** Opening INFORMATION SUPPLIED block **

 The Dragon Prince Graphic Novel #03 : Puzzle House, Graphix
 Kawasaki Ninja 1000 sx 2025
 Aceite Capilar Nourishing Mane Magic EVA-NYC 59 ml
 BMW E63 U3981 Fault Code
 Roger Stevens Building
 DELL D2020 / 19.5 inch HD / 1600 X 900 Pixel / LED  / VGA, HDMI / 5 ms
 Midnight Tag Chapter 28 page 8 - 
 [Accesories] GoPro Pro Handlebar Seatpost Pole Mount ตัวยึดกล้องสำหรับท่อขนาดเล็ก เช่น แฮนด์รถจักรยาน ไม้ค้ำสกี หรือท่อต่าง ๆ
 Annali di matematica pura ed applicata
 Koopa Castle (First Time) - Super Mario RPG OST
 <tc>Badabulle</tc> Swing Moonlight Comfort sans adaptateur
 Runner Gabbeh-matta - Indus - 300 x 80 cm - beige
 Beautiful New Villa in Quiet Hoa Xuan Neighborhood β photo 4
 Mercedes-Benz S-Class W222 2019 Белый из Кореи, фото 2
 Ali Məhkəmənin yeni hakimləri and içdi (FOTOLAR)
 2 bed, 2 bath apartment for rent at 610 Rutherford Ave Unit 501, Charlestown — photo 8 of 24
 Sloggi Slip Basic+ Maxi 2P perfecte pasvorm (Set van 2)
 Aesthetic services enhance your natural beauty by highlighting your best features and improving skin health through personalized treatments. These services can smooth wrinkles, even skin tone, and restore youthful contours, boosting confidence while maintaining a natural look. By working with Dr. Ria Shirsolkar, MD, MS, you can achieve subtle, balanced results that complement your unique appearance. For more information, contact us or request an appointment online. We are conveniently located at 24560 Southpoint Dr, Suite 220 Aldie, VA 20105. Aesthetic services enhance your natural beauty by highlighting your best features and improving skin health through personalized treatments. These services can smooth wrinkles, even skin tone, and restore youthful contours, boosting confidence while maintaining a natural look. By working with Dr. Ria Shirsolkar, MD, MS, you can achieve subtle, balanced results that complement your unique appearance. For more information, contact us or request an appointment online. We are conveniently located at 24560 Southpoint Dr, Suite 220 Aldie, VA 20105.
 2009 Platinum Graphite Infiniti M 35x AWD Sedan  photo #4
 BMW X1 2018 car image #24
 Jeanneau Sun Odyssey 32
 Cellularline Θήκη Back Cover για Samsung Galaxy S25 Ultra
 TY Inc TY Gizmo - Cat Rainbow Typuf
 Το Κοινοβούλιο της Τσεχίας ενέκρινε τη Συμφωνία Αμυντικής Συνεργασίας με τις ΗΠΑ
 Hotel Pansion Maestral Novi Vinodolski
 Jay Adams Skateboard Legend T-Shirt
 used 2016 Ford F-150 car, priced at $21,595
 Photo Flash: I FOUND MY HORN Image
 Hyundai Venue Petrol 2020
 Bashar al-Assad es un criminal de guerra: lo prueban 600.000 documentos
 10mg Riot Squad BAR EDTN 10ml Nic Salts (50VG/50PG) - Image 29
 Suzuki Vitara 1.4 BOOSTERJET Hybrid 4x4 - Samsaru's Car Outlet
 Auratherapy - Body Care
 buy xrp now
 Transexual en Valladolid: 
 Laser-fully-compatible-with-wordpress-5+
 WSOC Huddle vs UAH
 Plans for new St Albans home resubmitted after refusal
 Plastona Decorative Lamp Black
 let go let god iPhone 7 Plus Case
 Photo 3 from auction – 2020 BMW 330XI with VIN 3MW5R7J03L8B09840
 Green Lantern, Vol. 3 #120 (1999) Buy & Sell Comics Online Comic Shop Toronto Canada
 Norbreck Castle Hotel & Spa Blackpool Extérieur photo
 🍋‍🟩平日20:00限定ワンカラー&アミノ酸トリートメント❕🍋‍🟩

** Closing INFORMATION SUPPLIED block **

__PROBLEM TO WORK ON__: Copy the records above exactly, please, but only from the first line through the line containing "Sloggi Slip Basic+".

__RESULT OF THIS TASK__:
 The Dragon Prince Graphic Novel #03 : Puzzle House, Graphix
 Kawasaki Ninja 1000 sx 2025
 Aceite Capilar Nourishing Mane Magic EVA-NYC 59 ml
 BMW E63 U3981 Fault Code
 Roger Stevens Building
 DELL D2020 / 19.5 inch HD / 1600 X 900 Pixel / LED  / VGA, HDMI / 5 ms
 Midnight Tag Chapter 28 page 8 - 
 [Accesories] GoPro Pro Handlebar Seatpost Pole Mount ตัวยึดกล้องสำหรับท่อขนาดเล็ก เช่น แฮนด์รถจักรยาน ไม้ค้ำสกี หรือท่อต่าง ๆ
 Annali di matematica pura ed applicata
 Koopa Castle (First Time) - Super Mario RPG OST
 <tc>Badabulle</tc> Swing Moonlight Comfort sans adaptateur
 Runner Gabbeh-matta - Indus - 300 x 80 cm - beige
 Beautiful New Villa in Quiet Hoa Xuan Neighborhood β photo 4
 Mercedes-Benz S-Class W222 2019 Белый из Кореи, фото 2
 Ali Məhkəmənin yeni hakimləri and içdi (FOTOLAR)
 2 bed, 2 bath apartment for rent at 610 Rutherford Ave Unit 501, Charlestown — photo 8 of 24
 Sloggi Slip Basic+ Maxi 2P perfecte pasvorm (Set van 2)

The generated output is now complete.